- Assignment
Your task is to reproduce, verbatim and without pictures, the lines from the opening of the listing through the line containing "Beautifully defined brown".

- Exercise data

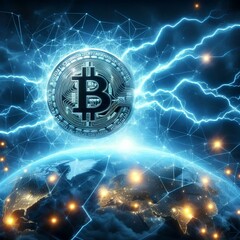 digital lightning network of the bitcoin blockchain technology and it fast transaction per second also for price explosion and popularity as wide background with copyspace.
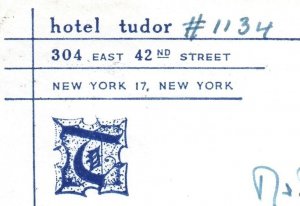 HOTEL TUDOR NEW YORK CITY CORNER CARD STATIONERY 8c AIRMAIL RATE TO CANADA 1971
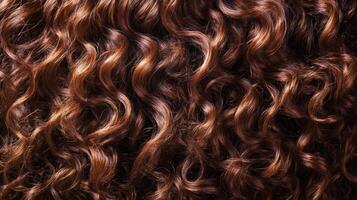 Beautifully defined brown curly hair showcasing rich textures and vibrant color under natural light photo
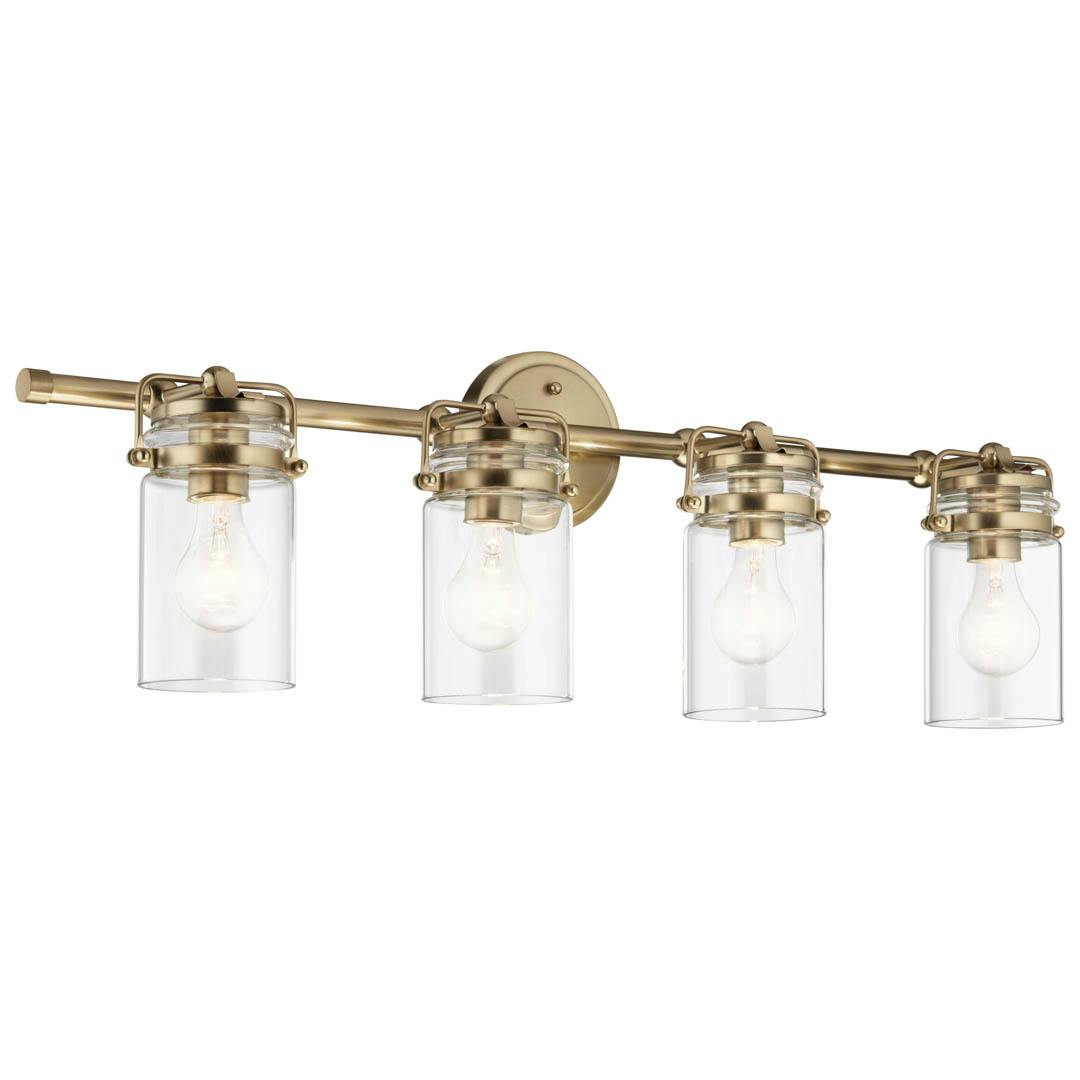 Brinley 32.25" 4 Light Vanity Light Champagne Bronze on a white background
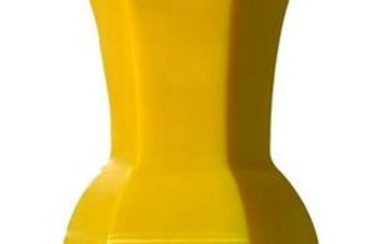Vase of yellow glass, China, XX century. Thin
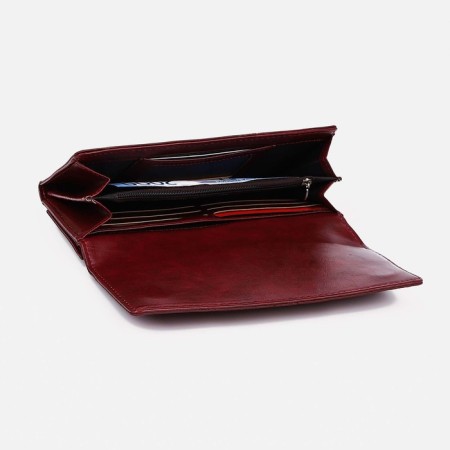 Women's wallet on magnets, burgundy color-3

- Task output
 digital lightning network of the bitcoin blockchain technology and it fast transaction per second also for price explosion and popularity as wide background with copyspace.
 HOTEL TUDOR NEW YORK CITY CORNER CARD STATIONERY 8c AIRMAIL RATE TO CANADA 1971
 Beautifully defined brown curly hair showcasing rich textures and vibrant color under natural light photo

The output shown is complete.